30/08/08 (B463) Toujours l’hypocrisie dans La Nation / Le journal de Guelleh, à l’instar de la RTD (voir article précédent) se joint aux pleureuses pour regretter la fin du service ferroviaire (décrétée par Guelleh !) La Nation termine en attendant un miracle. Le Miracle, ce pourrait bien être DP World qui obtiendrait gratuitement la concession, sans appel d’offre. Et alors, le train fonctionnera, plus cher et les bénéfices seront partagés entre Dubaï et Guelleh.

_________________________________ La Nation

Chemin de fer Djibouto Ethiopien: déclin entamé…

(La Nation (Djib) 30/08/2008)

Le chemin de fer Djibouto Ethiopie (CDE) accumule les contre-performances à longueur d’années. Avec une seule desserte hebdomadaire sur la ligne Diré-Dawa, le train est le maillon faible de la chaîne des transports. Et rien ne vient enrayer une tendance aussi alarmante. Revue de détails.

Le chemin de fer djibouto-ethiopien a ses années fastes derrière lui. La compagnie bi nationale cumule aujourd’hui divers handicaps. Citons, entre autres, des équipements vétustes et une désaffection d’une bonne partie de sa clientèle désormais fidélisée par les transporteurs du corridor routier. D’où les déboires financiers du CDE qui hypothèquent toute tentative de redressement.

Pis, son devenir semble compromis au regard d’un trafic ferroviaire en chute libre. Le train n’assure plus qu’une desserte hebdomadaire sur la ligne Diré Dawa- Djibouti. Il s’agit là d’une suite logique de précédents fâcheux.

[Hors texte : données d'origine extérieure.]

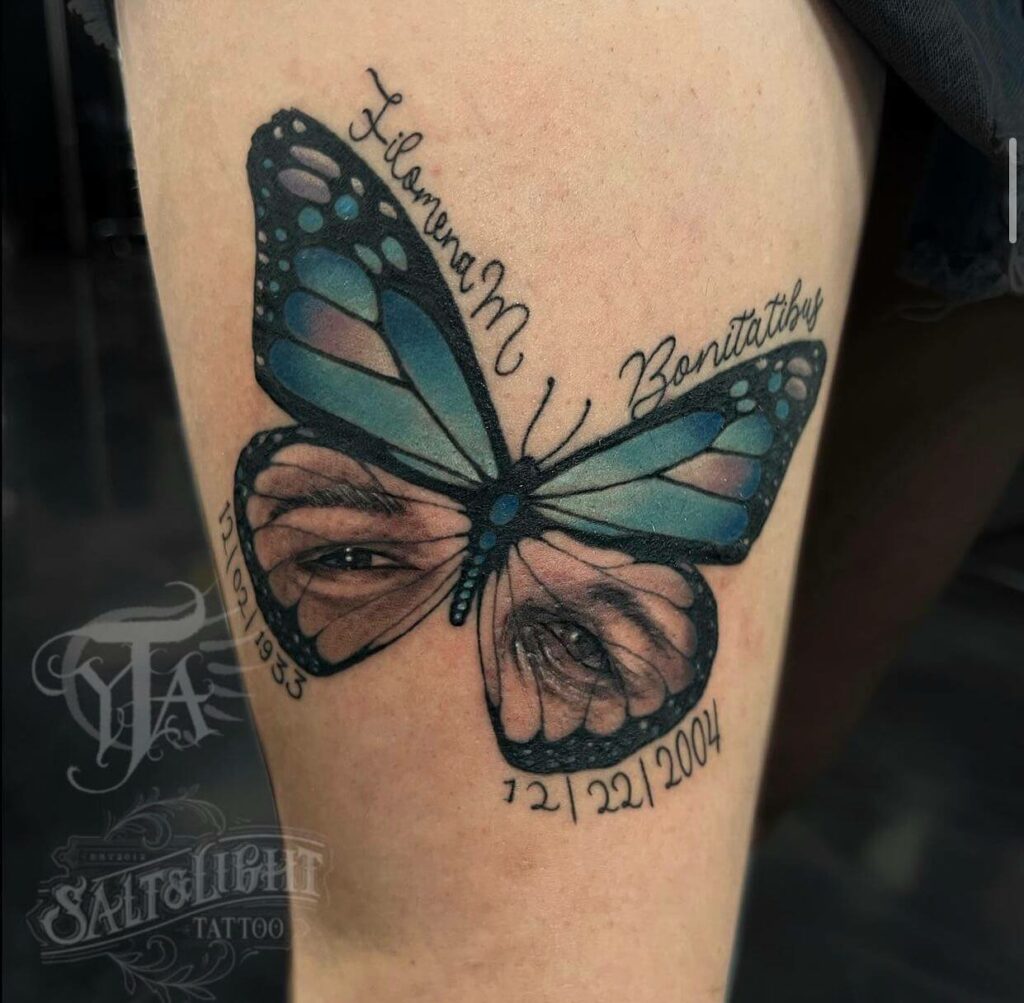 12+ Butterfly Memorial Tattoo Ideas To Inspire You! 12 Butterfly Memorial Realistic Tattoo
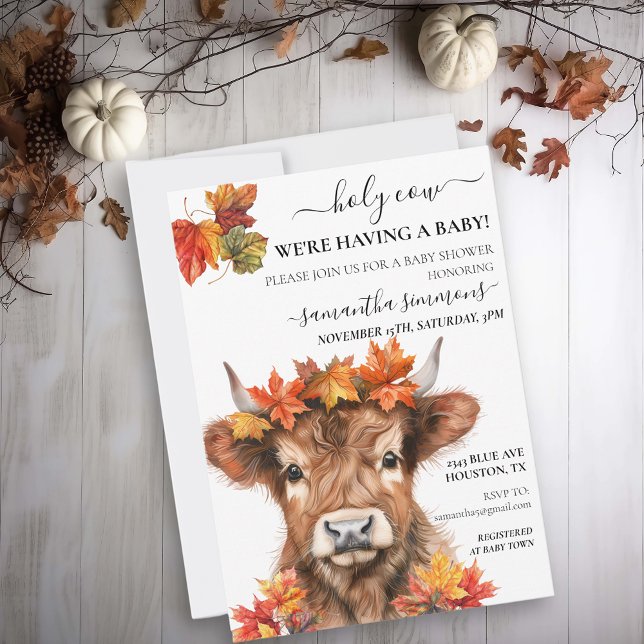Heilige Kuh Herbst Herbst Hochland Calf Babydusche Einladung (Von Creator hochgeladen)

La compagnie s’était retrouvée au bord de la faillite aux premières semaines de l’année 2006.

Les deux Etats propriétaires avaient alors pris la pleine mesure de la cessation des paiements qui menaçait sa survie. Des conséquences sociales aussi si l’éventualité devenait une réalité. Ainsi, Djibouti et Addis Abeba s’étaient accordées sur la nécessaire mise en concession du CDE pour mieux lui épargner un dépôt de bilan.

Toutefois, l’opération de sauvetage était assortie d’un dégraissage massif du personnel de part et autre de la frontière. L’annonce du plan social avait provoqué un électrochoc parmi les cheminots djiboutiens. Lesquels avaient poursuivi des mouvements de grève devant la centrale de la capitale tout au long des mois de février et mars 2006. En vain. Puisque la direction locale avait procédé au licenciement de plus d’une centaine de ses cheminots pour motifs économiques. Les principaux responsables avaient présente une ” pilule aussi amère ” selon les termes des licenciés comme une condition sine qua none du succès de la mise en concession du CDE.

Surtout, un tel traitement de choc visait à séduire les deux sociétés, l’une sud africaine et l’autre candidates, qui s’étaient portées candidates suite aux appels d’offre internationaux dans ce sens lancés par les deux Etats propriétaires. On avait cru possible l’amorce d’un nouveau cap avec le choix de la commission mixte de niveau ministériel, réunie à Addis Abeba vers la mi avril 2006. Ses membres y avaient désigné le groupe Comazar, domicilié en Afrique du sud, comme le concessionnaire du CDE. Le repreneur sud africain se devait douze mois plus tard de prendre les rênes de la compagnie ferroviaire selon l’une des chausses du contrat de concession.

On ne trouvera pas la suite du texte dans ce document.